## What this task involves
Do not include the pictures; repeat the rest of the data exactly.

## Material provided
*** Begin section ***

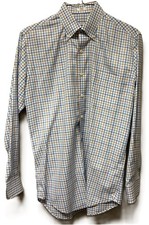 Peter Millar Dress Shirt Mens M Blue White Brown Plaid Button Down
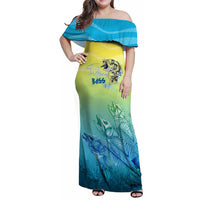 Personalized Fishing Bone Summer Bass Family Matching Off Shoulder Maxi Dress and Hawaiian Shirt Fishbone Ocean - Wonder Print Shop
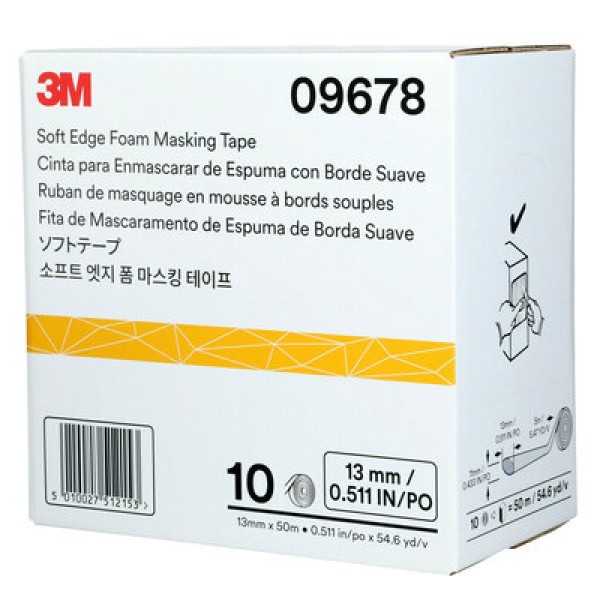 3M™ Soft Edge Foam Masking Tape, White, 13 mm x 50 m, 09678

*** End section ***

## Expected answer
 Peter Millar Dress Shirt Mens M Blue White Brown Plaid Button Down
 Personalized Fishing Bone Summer Bass Family Matching Off Shoulder Maxi Dress and Hawaiian Shirt Fishbone Ocean - Wonder Print Shop
 3M™ Soft Edge Foam Masking Tape, White, 13 mm x 50 m, 09678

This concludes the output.